Ferry Latuhihin Soroti 3 Penyebab Masalah Ekonomi Indonesia

Pakar ekonomi sekaligus analis pasar modal, Prof. Ferry Latuhihin. (Foto: Ist)

JAKARTA – Pakar ekonomi sekaligus analis pasar modal, Prof. Ferry Latuhihin, menilai ada tiga persoalan mendasar yang menjadi ganjalan utama perbaikan ekonomi nasional, yakni birokrasi yang gemuk, lemahnya kepastian hukum (rule of law), dan regulasi yang kontraproduktif.

Ferry menegaskan bahwa gejolak pada pasar keuangan seperti tekanan beruntun terhadap nilai tukar rupiah dan Indeks Harga Saham Gabungan (IHSG) merupakan cerminan langsung dari menurunnya tingkat kepercayaan publik serta investor terhadap kondisi ekonomi Indonesia.

“Hari ini saya juga sempat diundang oleh Bang Henri Satrio untuk memberikan pandangan mengenai solusi bagi kondisi ekonomi kita yang sedang berada pada titik yang mengkhawatirkan. Tekanan terhadap rupiah dan IHSG merupakan indikator turunnya kepercayaan publik terhadap ekonomi Indonesia,” ujar Ferry dalam siaran di kanal YouTube pribadinya, dikutip Minggu (9/8/2026).

Dalam analisisnya, Ferry merinci tiga faktor kelembagaan yang memerlukan pembenahan total dari pemerintah:

1- Birokrasi Terlalu Gemuk

Ferry menyoroti struktur kelembagaan kabinet pemerintah yang dinilai terlalu besar. Menurutnya, jumlah jajaran kabinet yang mencapai sekitar 110 menteri dan wakil menteri merupakan struktur birokrasi ekstrem yang amat jarang ditemui di negara lain dan berpotensi menghambat efisiensi.

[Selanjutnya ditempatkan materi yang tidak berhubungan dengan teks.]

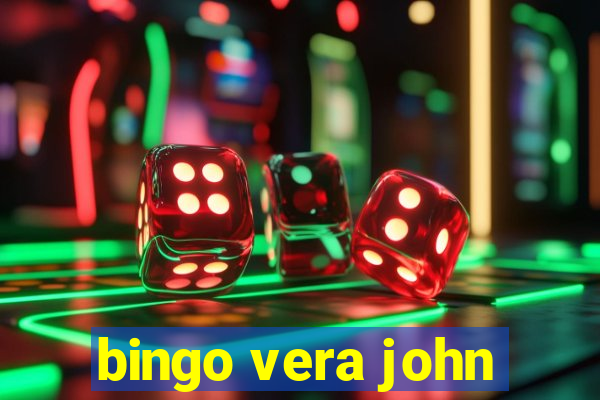 bingo vera john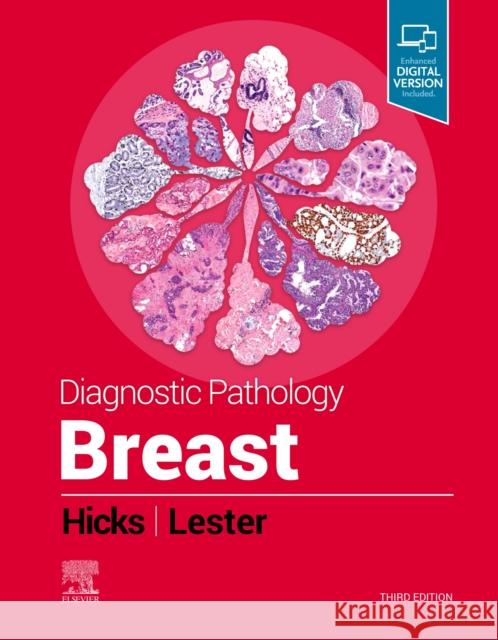 Diagnostic Pathology: Breast Susan C. Lester David G. Hicks 9780323758956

2- Jaminan Kepastian Hukum

Fokus utama investor global sebelum menanamkan modal jangka panjang adalah penegakan hukum yang konsisten. Tanpa kepastian hukum yang kokoh, daya tarik investasi nasional akan terus merosot.

3- Regulasi yang Membebankan Dunia Usaha:

Pemerintah diimbau tidak ugal-ugalan menelurkan regulasi baru yang berisiko mematikan iklim bisnis. Ferry mencermati dua rencana kebijakan sensitif:

Yang pertama, pemangkasan Komisi Ojek Online (20% ke 8%): Kebijakan ini dinilai membahayakan ekosistem industri aplikasi jasa transportasi. Jika operator memangkas atau menghentikan operasionalnya, jutaan pengemudi terancam kehilangan sumber penghasilan.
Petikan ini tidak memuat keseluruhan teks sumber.